Improving feature extraction from histopathological images through a fine-tuning ImageNet model

Background: Due to lack of annotated pathological images, transfer learning has been the predominant approach in the field of digital pathology. Pre-trained neural networks based on ImageNet database are often used to extract “off-the-shelf” features, achieving great success in predicting tissue types, molecular features, and clinical outcomes, etc. We hypothesize that fine-tuning the pre-trained models using histopathological images could further improve feature extraction, and downstream prediction performance. Methods: We used 100 000 annotated H&E image patches for colorectal cancer (CRC) to fine-tune a pre-trained Xception model via a 2-step approach.
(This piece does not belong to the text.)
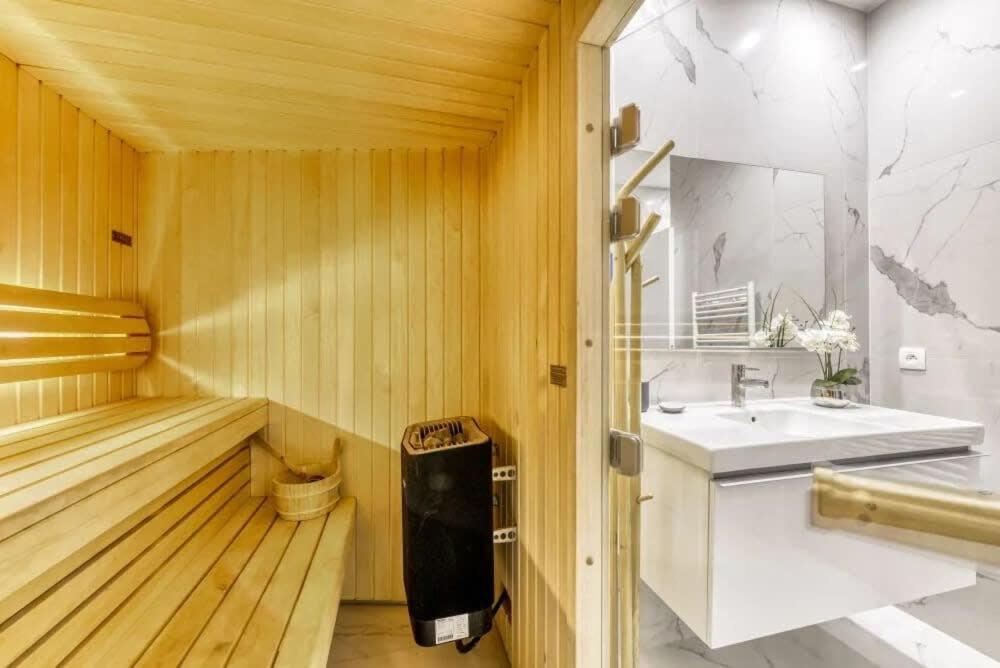 Sacre-coeur Modern 4bd With Sauna For 10 Guests! *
The features extracted from fine-tuned Xception (FTX-2048) model and Image-pretrained (IMGNET-2048) model were compared through: (1) tissue classification for H&E images from CRC, same image type that was used for fine-tuning; (2) prediction of immune-related gene expression, and (3) gene mutations for lung adenocarcinoma (LUAD). Five-fold cross validation was used for model performance evaluation. Each experiment was repeated 50 times. Findings: The extracted features from the fine-tuned FTX-2048 exhibited significantly higher accuracy (98.4%) for predicting tissue types of CRC compared to the “off-the-shelf” features directly from Xception based on ImageNet database (96.4%) (P value = 2.2 × 10−6). Particularly, FTX-2048 markedly improved the accuracy for stroma from 87% to 94%. Similarly, features from FTX-2048 boosted the prediction of transcriptomic expression of immune-related genes in LUAD. For the genes that had significant relationships with image features (P < 0.05, n = 171), the features from the fine-tuned model improved the prediction for the majority of the genes (139; 81%). In addition, features from FTX-2048 improved prediction of mutation for 5 out of 9 most frequently mutated genes (STK11, TP53, LRP1B, NF1, and FAT1) in LUAD. Conclusions: We proved the concept that fine-tuning the pretrained ImageNet neural networks with histopathology images can produce higher quality features and better prediction performance for not only the same-cancer tissue classification where similar images from the same cancer are used for fine-tuning, but also cross-cancer prediction for gene expression and mutation at patient level.